### [Exercise aim]
Below is a set of records; print all of them exactly as written.

### [Records for this exercise]
========================================

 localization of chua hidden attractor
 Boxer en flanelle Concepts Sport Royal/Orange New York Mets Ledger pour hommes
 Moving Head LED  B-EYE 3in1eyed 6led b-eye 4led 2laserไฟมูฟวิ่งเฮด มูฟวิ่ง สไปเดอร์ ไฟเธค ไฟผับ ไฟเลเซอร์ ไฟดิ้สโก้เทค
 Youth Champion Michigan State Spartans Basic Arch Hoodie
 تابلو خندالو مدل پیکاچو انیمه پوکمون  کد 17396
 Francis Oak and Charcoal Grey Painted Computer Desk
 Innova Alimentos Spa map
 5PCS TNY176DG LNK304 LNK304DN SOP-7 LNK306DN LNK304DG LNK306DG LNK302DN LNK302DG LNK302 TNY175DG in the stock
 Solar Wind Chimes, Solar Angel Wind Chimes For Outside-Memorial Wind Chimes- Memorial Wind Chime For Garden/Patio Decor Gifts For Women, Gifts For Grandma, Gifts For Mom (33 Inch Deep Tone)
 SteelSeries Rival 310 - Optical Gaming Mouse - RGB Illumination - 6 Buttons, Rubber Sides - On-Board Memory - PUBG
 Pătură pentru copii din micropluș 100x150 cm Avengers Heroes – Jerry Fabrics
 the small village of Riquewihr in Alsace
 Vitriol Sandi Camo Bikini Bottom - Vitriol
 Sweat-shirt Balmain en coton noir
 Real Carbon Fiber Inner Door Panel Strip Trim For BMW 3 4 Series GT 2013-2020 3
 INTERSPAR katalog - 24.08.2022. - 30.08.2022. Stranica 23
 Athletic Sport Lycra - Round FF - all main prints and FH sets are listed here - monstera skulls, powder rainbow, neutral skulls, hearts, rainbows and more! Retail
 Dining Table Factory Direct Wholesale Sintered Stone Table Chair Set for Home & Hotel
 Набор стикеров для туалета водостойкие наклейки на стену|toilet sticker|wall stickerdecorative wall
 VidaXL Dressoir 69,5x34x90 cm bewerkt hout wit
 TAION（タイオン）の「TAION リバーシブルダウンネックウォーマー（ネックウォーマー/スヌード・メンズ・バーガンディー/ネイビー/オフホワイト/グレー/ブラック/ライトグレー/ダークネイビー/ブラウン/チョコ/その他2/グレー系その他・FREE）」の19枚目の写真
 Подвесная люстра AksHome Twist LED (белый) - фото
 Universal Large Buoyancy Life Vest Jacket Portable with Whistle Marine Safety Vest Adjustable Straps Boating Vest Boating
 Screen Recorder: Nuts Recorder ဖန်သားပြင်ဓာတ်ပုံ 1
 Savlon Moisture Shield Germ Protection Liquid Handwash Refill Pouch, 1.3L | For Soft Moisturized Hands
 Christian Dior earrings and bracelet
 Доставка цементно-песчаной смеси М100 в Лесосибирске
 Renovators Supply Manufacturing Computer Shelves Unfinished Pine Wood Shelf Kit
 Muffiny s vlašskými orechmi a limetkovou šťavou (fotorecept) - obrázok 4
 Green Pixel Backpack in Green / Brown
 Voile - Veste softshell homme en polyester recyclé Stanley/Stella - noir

========================================

### [Task response]
 localization of chua hidden attractor
 Boxer en flanelle Concepts Sport Royal/Orange New York Mets Ledger pour hommes
 Moving Head LED  B-EYE 3in1eyed 6led b-eye 4led 2laserไฟมูฟวิ่งเฮด มูฟวิ่ง สไปเดอร์ ไฟเธค ไฟผับ ไฟเลเซอร์ ไฟดิ้สโก้เทค
 Youth Champion Michigan State Spartans Basic Arch Hoodie
 تابلو خندالو مدل پیکاچو انیمه پوکمون  کد 17396
 Francis Oak and Charcoal Grey Painted Computer Desk
 Innova Alimentos Spa map
 5PCS TNY176DG LNK304 LNK304DN SOP-7 LNK306DN LNK304DG LNK306DG LNK302DN LNK302DG LNK302 TNY175DG in the stock
 Solar Wind Chimes, Solar Angel Wind Chimes For Outside-Memorial Wind Chimes- Memorial Wind Chime For Garden/Patio Decor Gifts For Women, Gifts For Grandma, Gifts For Mom (33 Inch Deep Tone)
 SteelSeries Rival 310 - Optical Gaming Mouse - RGB Illumination - 6 Buttons, Rubber Sides - On-Board Memory - PUBG
 Pătură pentru copii din micropluș 100x150 cm Avengers Heroes – Jerry Fabrics
 the small village of Riquewihr in Alsace
 Vitriol Sandi Camo Bikini Bottom - Vitriol
 Sweat-shirt Balmain en coton noir
 Real Carbon Fiber Inner Door Panel Strip Trim For BMW 3 4 Series GT 2013-2020 3
 INTERSPAR katalog - 24.08.2022. - 30.08.2022. Stranica 23
 Athletic Sport Lycra - Round FF - all main prints and FH sets are listed here - monstera skulls, powder rainbow, neutral skulls, hearts, rainbows and more! Retail
 Dining Table Factory Direct Wholesale Sintered Stone Table Chair Set for Home & Hotel
 Набор стикеров для туалета водостойкие наклейки на стену|toilet sticker|wall stickerdecorative wall
 VidaXL Dressoir 69,5x34x90 cm bewerkt hout wit
 TAION（タイオン）の「TAION リバーシブルダウンネックウォーマー（ネックウォーマー/スヌード・メンズ・バーガンディー/ネイビー/オフホワイト/グレー/ブラック/ライトグレー/ダークネイビー/ブラウン/チョコ/その他2/グレー系その他・FREE）」の19枚目の写真
 Подвесная люстра AksHome Twist LED (белый) - фото
 Universal Large Buoyancy Life Vest Jacket Portable with Whistle Marine Safety Vest Adjustable Straps Boating Vest Boating
 Screen Recorder: Nuts Recorder ဖန်သားပြင်ဓာတ်ပုံ 1
 Savlon Moisture Shield Germ Protection Liquid Handwash Refill Pouch, 1.3L | For Soft Moisturized Hands
 Christian Dior earrings and bracelet
 Доставка цементно-песчаной смеси М100 в Лесосибирске
 Renovators Supply Manufacturing Computer Shelves Unfinished Pine Wood Shelf Kit
 Muffiny s vlašskými orechmi a limetkovou šťavou (fotorecept) - obrázok 4
 Green Pixel Backpack in Green / Brown
 Voile - Veste softshell homme en polyester recyclé Stanley/Stella - noir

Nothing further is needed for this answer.